Choć Polska ma z uwagi na swoje położenie geograficzne kluczowe znaczenie jako zaplecze dla wojny w Ukrainie, „New York Times” nie wspomina, aby Warszawa była włączona w tę kluczową operację. Podobnie jak Berlin i Paryż.
Tak duże zaangażowanie Waszyngtonu oznacza odejście od linii, jaką przyjął prezydent Biden na początku konfliktu. Wówczas jego priorytetem było, aby Ameryka nie została bezpośrednio wciągnięta w wojnę. Od tego czasu Amerykanie zrewidowali jednak swoje podejście do rosyjskich sił zbrojnych. Ich potencjał oceniają znacznie gorzej niż w pierwszej fazie konfliktu.

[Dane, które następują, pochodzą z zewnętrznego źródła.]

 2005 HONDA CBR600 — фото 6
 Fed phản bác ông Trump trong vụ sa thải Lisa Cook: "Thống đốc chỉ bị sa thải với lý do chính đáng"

Rodzi się jednak pytanie, co dalej. Zełenski nie zrezygnował ze swoich pierwotnych planów odzyskania Mariupola czy dojścia przynajmniej do zachodniego brzegu Dniepru w rejonie Chersonia. To jednak zdaniem amerykańskich ekspertów wymagałoby przejęcia przez Ukraińców inicjatywy także w powietrzu. Pentagon musi więc rozważyć, czy przejść do następnego etapu wsparcia wojskowego dla Kijowa, w tym dostaw myśliwców. Amerykańskie lotnictwo ma na składzie około 50 wiekowych F-16, które mógłby przekazać Ukrainie. Sprawa ma jednak wymiar polityczny. Kijów domaga się także ciężkich helikopterów transportowych oraz dronów o dużym potencjale uderzeniowym.